Figure 7 - Post-Op Template

The pre and post-op callbacks have to be careful when using the buffer pointer in Argument2 since this can be a user-space pointer. With that in mind, all access to the buffer must take place in a try/except block. The processing depends on the filter's application, so just remember to use the Argument2 pointer safely.

The power of the registry IO handler
Now that we've looked at the callback templates and the structures used, we can take that a step further and talk about what a registry filter can do - or to be more precise - what a registry IO handler can do. In this case, the term handler refers to the pre-op and post-op callback pair. A handler considers the pre and post routines as a unit which processes a single registry IO operation. With that model in mind, we can quickly describe the primary functions of a registry filter; monitoring, blocking, and modifying.

The monitoring filter is passive in that it does not interfere with any of the registry IO other than to "sniff" it and possibly record it for an application. This is a common use of registry filtering and is found in many applications. The blocking filter uses criteria to determine if registry IO should be allowed. In this type of filter, the pre-op routine does the vast majority of the work since the idea is to stop IO before it can be passed on to CM. The criteria could be user, process, operation type, and so on. The final type of filter considered is one that modifies operations. There can be modifications made to the target of the operation or to the data itself. A typical modification is to the target in order to redirect the operation somewhere else in the registry.

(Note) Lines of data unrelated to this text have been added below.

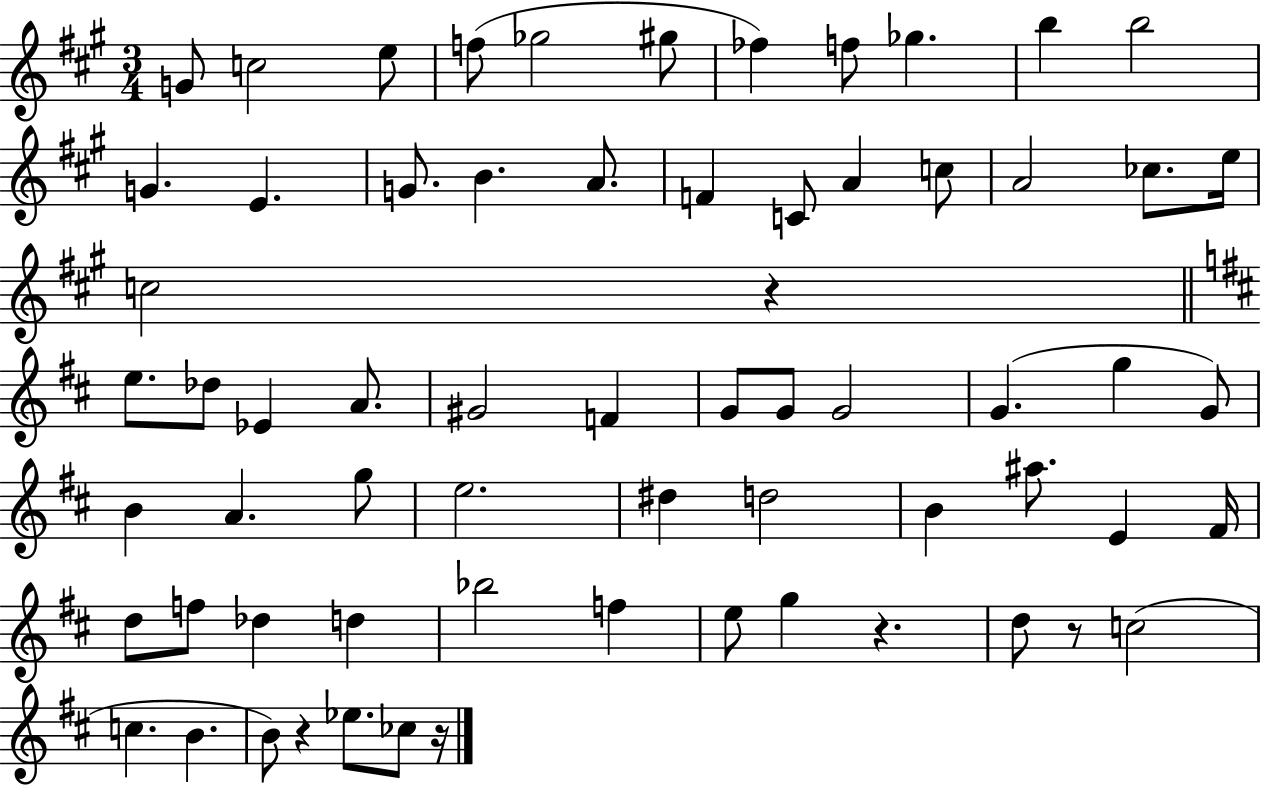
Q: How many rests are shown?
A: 5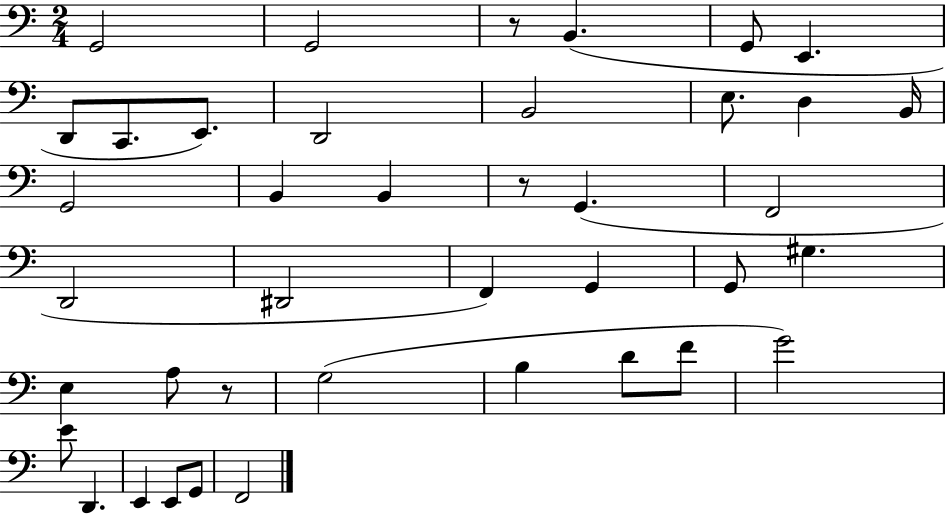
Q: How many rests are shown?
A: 3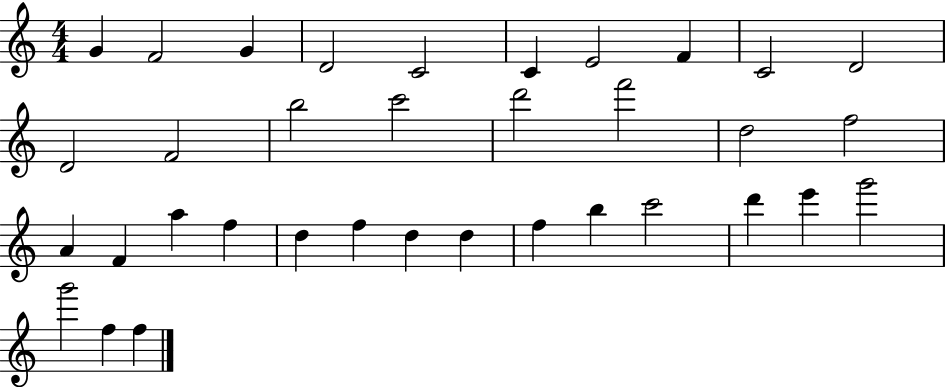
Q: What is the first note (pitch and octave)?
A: G4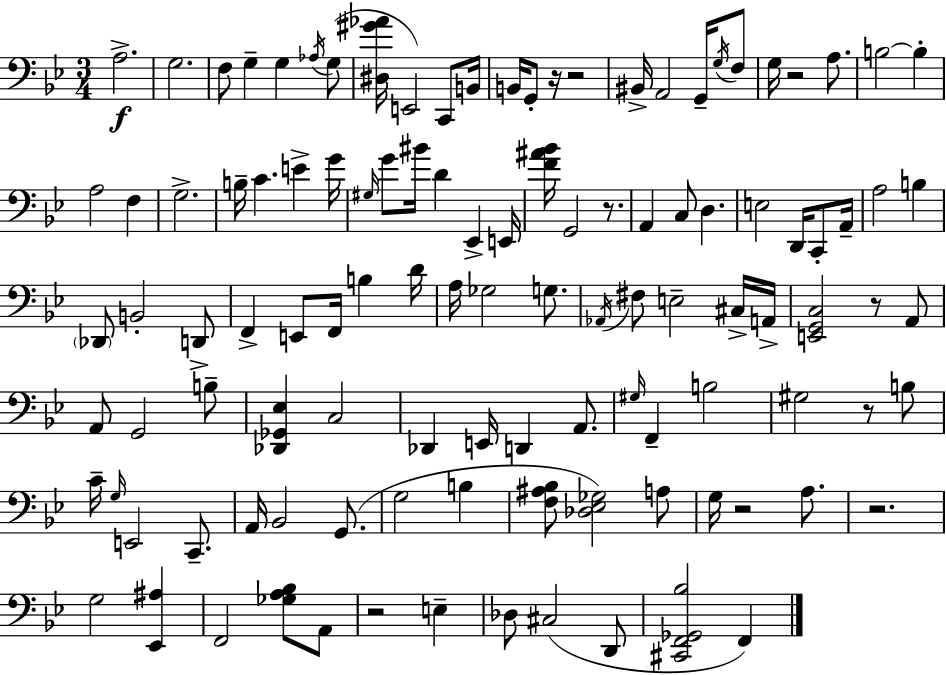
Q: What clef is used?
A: bass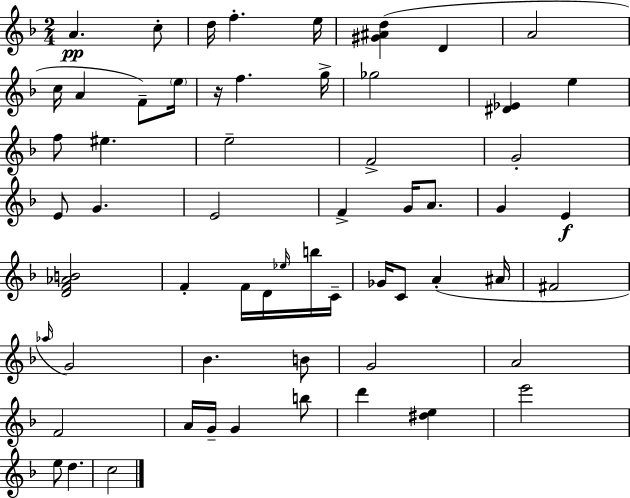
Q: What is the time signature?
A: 2/4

Another example is modifying the data of a value to encrypt or decrypt it.

What the Ex?
CreateKeyEx (and OpenKey by reference) were used in previous examples and we are discussing the Vista RFM implementation but let's diverge just for a moment to see just how different the "Ex" versions are from their predecessors. The "Ex" versions appeared in Server 2003 and replaced the "non-Ex" versions in XP. These "Ex" versions live up to their name by adding a wealth of new parameters describing the create or open. We've seen the REG_CREATE_KEY_I NFORMATION structure already; now let's look back at the REG_PRE_CREATE_KEY_INFORMATION used by CreateKey in Figure 8.

typedef struct _REG_PRE_CREATE_KEY_INFORMATION {

       PUNICODE_STRING CompleteName;

} REG_PRE_CREATE_KEY_INFORMATION, *PREG_PRE_CREATE_KEY_INFORMATION;

Figure 8 - REG_PRE_CREATE_KEY_INFORMATION Structure

It's quite a bit thinner than REG_CREATE_KEY_ INFORMATION and the same is true for the structure used by OpenKey when compared to OpenKeyEx. The other thing about these older routines is that they have their own post-op structures. Figure 9 shows the REG_POST_CREATE_KEY_ INFORMATION structure.

typedef struct _REG_POST_CREATE_KEY_INFORMATION {

       PUNICODE_STRING CompleteName;

       PVOID Object;

       NTSTATUS Status;

} REG_POST_CREATE_KEY_INFORMATION, *PREG_POST_CREATE_KEY_INFORMATION;

Figure 9 - _POST_CREATE_KEY_INFORMATION Structure

Compare REG_POST_CREATE_KEY_INFORMATION with REG_POST_OPERATION_INFORMATION and you'll again see that the "Ex" API's provide much more information to the filter.

Be sure to get registered
Once your callbacks have been defined you're almost ready to register with CM to start receiving notifications. The registration routine takes a PEX_CALLBACK_ FUNCTION that it calls for all registry IO sent to your filter. This callback is the central point from which you'll pass on the calls to your IO callbacks which we have discussed so far. Using a single dispatch callback is relatively easy to implement. To begin with, define an array of PEX_CALLBACK_ FUNCTION entries that'll contain pointers to each operation callback you have implemented. The array definition is shown in Figure 10.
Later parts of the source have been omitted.